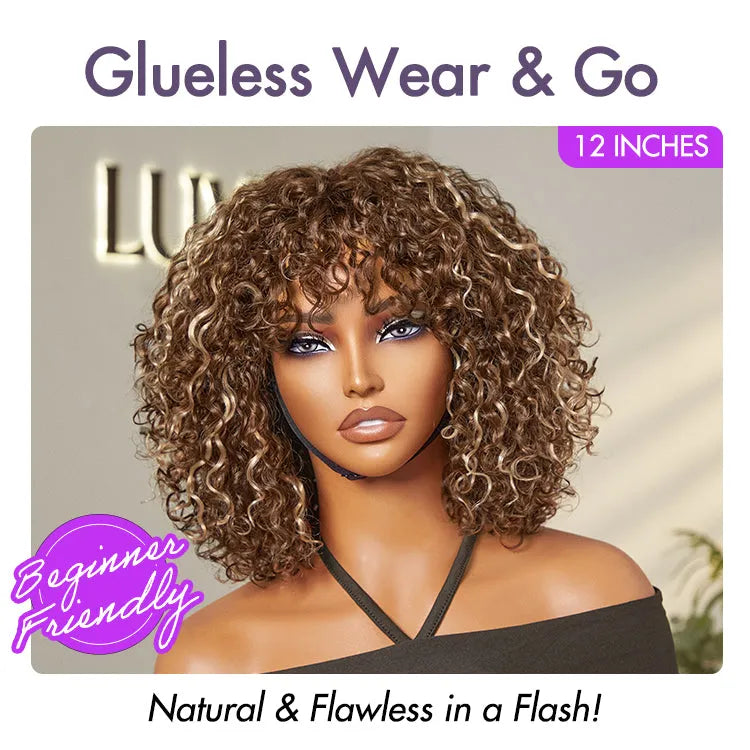 Beginner Friendly Ash Blonde Highlights Water Wave True Scalp Minimalist Lace Glueless Curly Wig with Bangs Secondary image
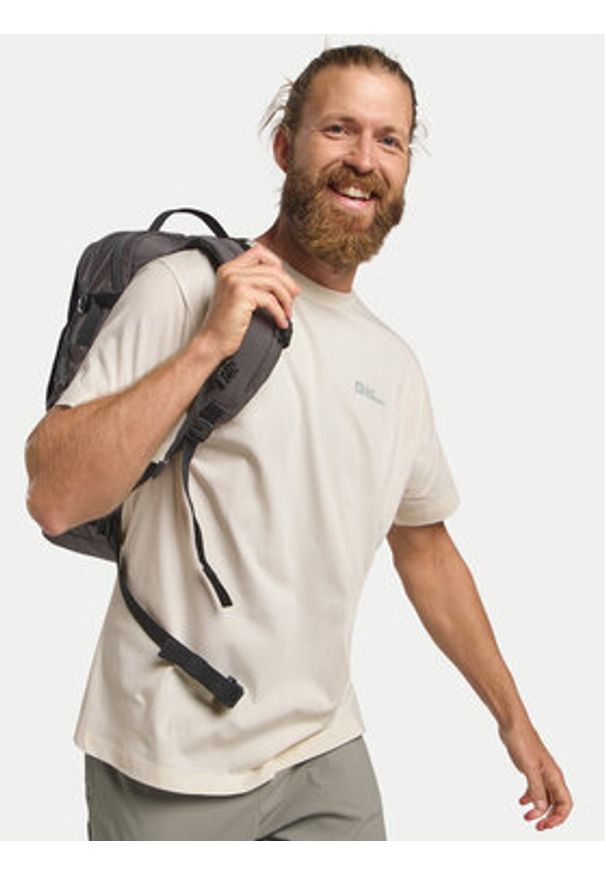 Jack Wolfskin T-Shirt Essential 1808382 Écru Regular Fit. Materiał: bawełna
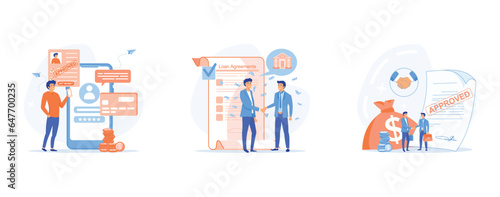 loan agreement concept, borrow money from the bank, get loan via smart phone application,  mortgage, debt or obligation, personal loan, set flat vector modern illustration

_Your goal_
Your reply should contain only an exact copy of the lines from the beginning of the material through the line with "Jack Wolfskin T-Shirt", both ends included, with the pictures removed.

_Your solution_
 Beginner Friendly Ash Blonde Highlights Water Wave True Scalp Minimalist Lace Glueless Curly Wig with Bangs Secondary image
 Jack Wolfskin T-Shirt Essential 1808382 Écru Regular Fit. Materiał: bawełna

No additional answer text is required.